TASK BRIEF: The answer should hold only the lines from the one containing "Lámina sistema muscular" through the one containing "European pine marten 130924" in the entries below, copied exactly, without pictures.

── INPUT

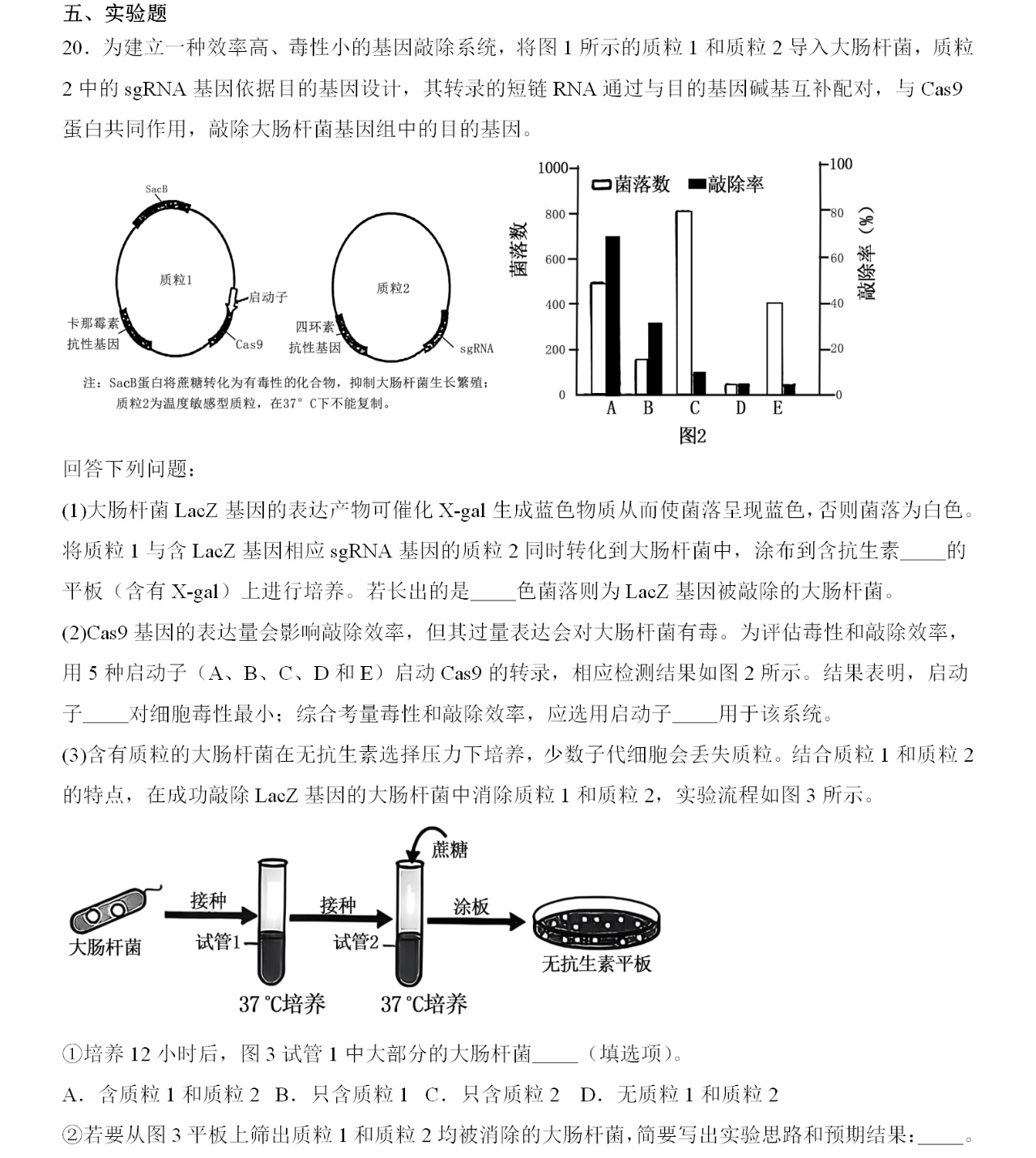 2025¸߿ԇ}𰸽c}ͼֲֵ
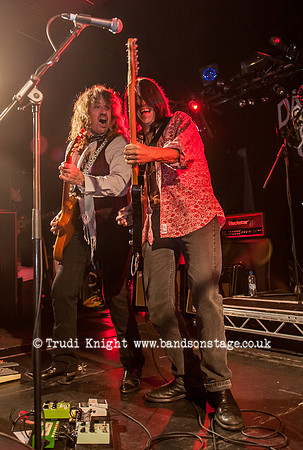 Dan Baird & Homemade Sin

────
── INPUT

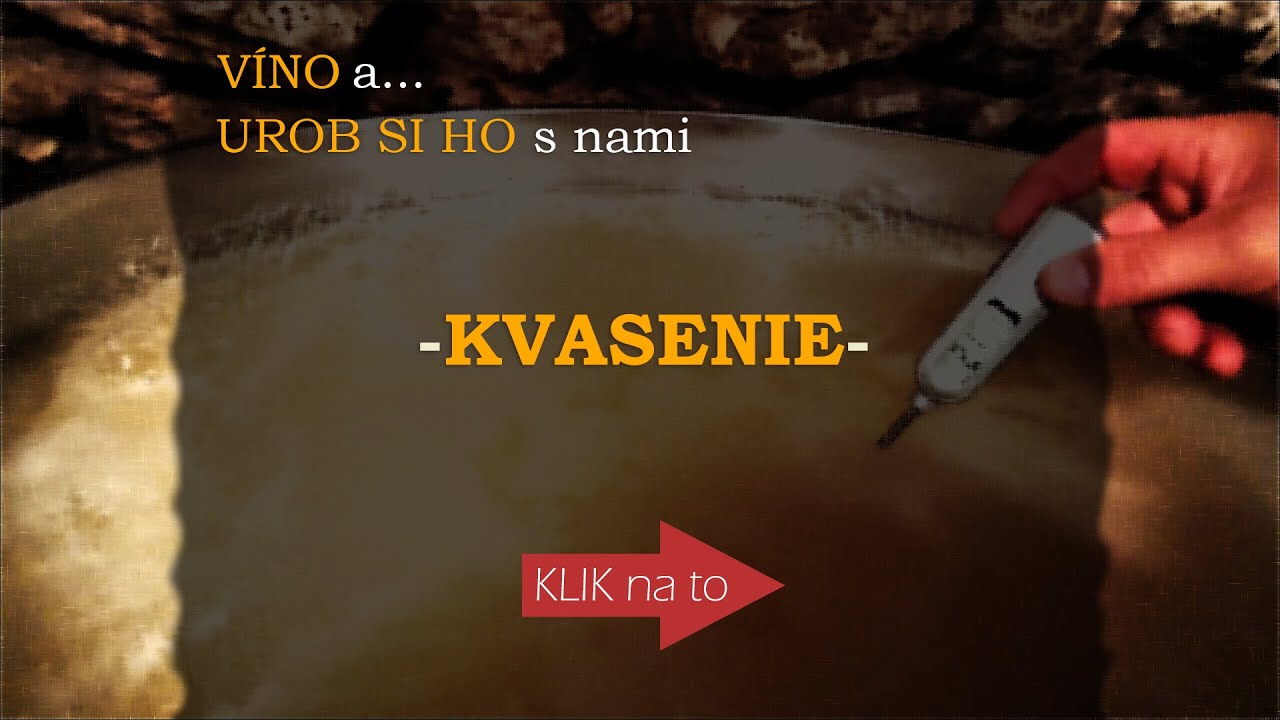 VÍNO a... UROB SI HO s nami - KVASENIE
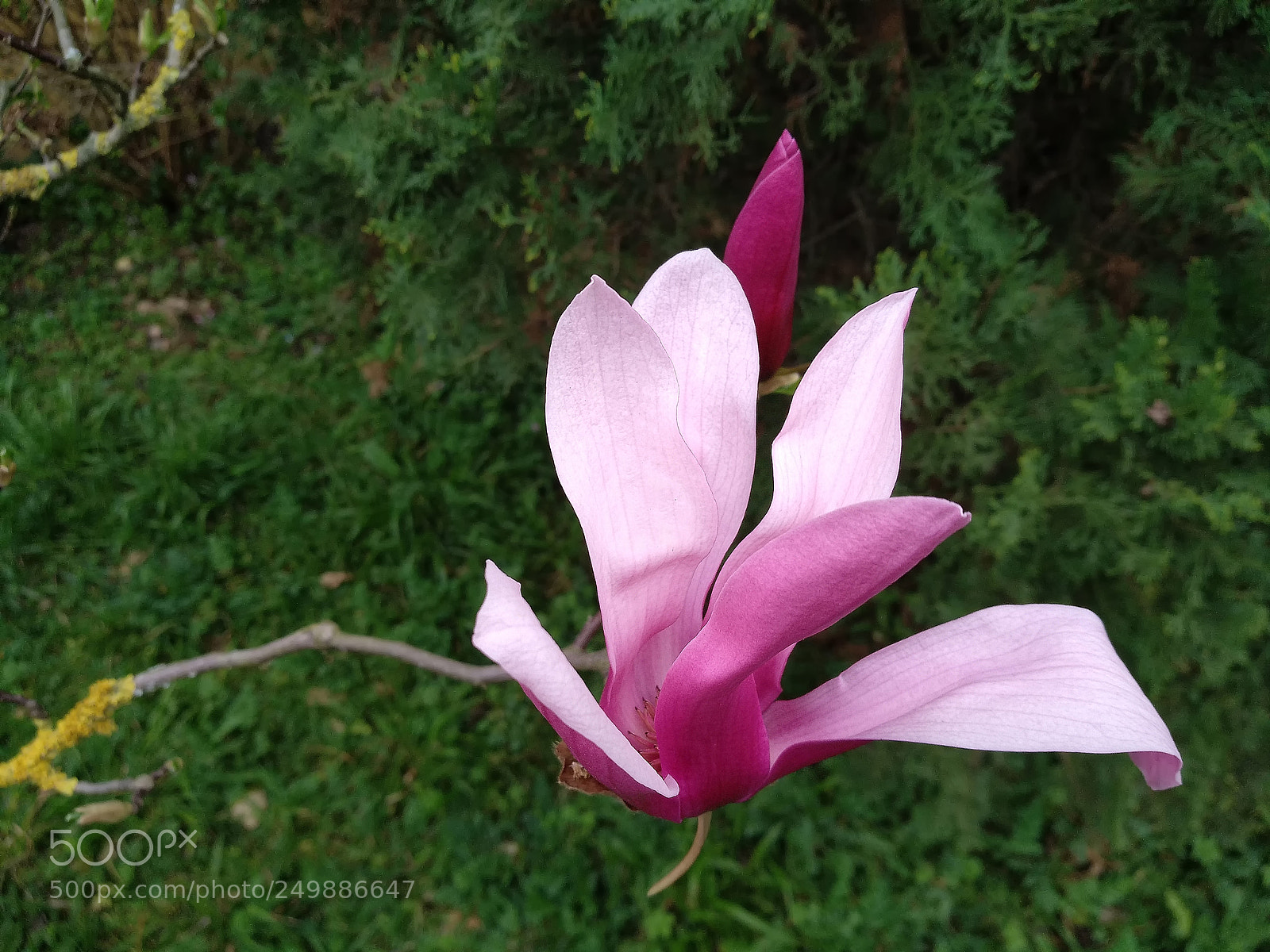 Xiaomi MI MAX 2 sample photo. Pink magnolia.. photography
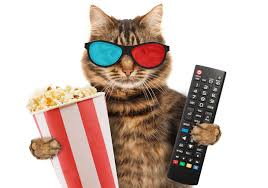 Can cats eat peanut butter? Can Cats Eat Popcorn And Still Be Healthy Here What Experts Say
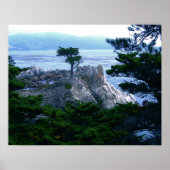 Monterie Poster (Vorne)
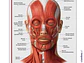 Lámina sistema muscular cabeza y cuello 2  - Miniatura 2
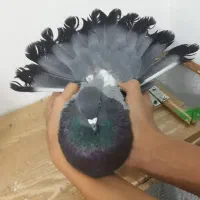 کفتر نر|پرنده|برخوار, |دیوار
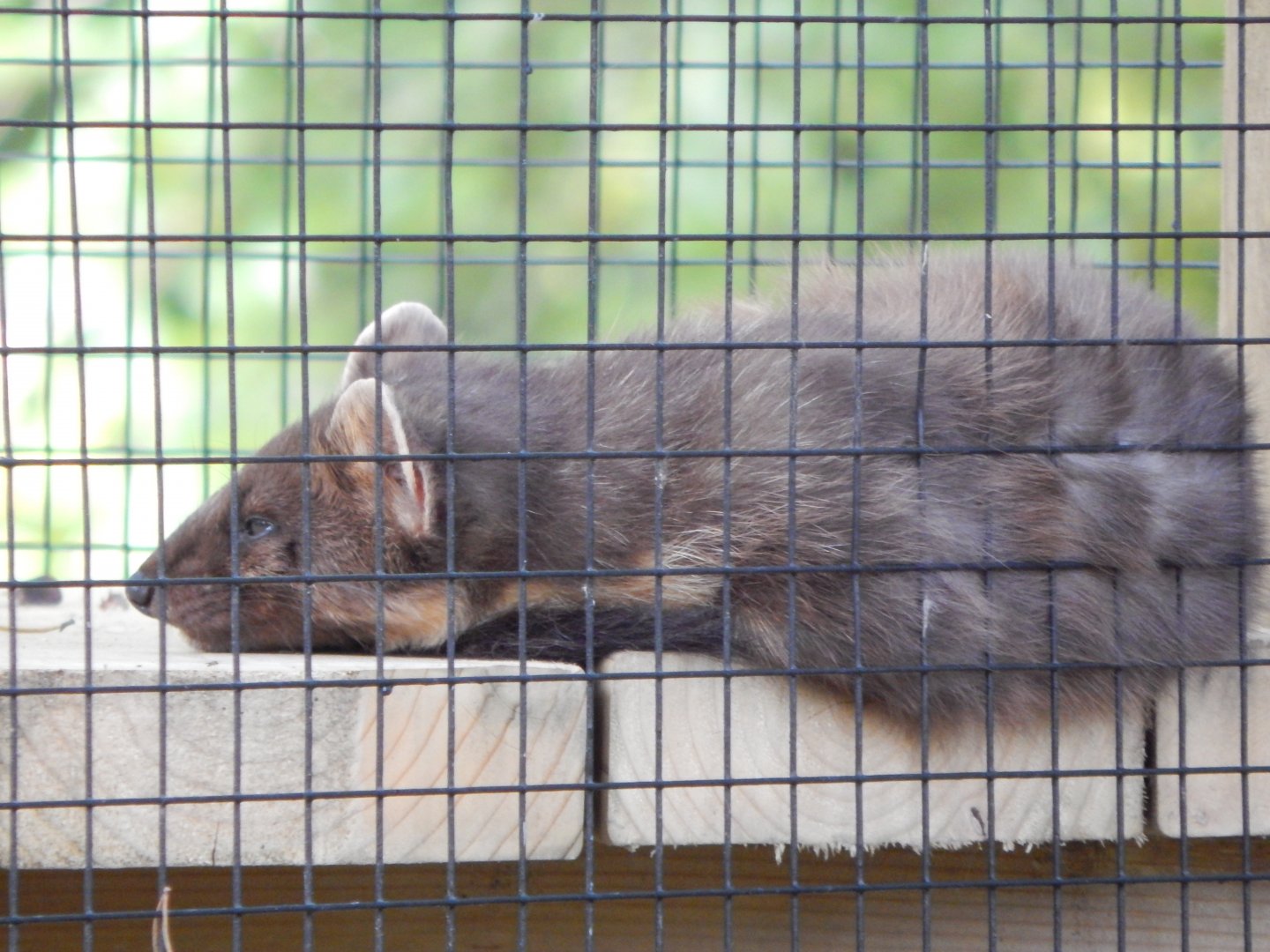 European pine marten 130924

────

RESULT BELOW:
 Lámina sistema muscular cabeza y cuello 2  - Miniatura 2
 کفتر نر|پرنده|برخوار, |دیوار
 European pine marten 130924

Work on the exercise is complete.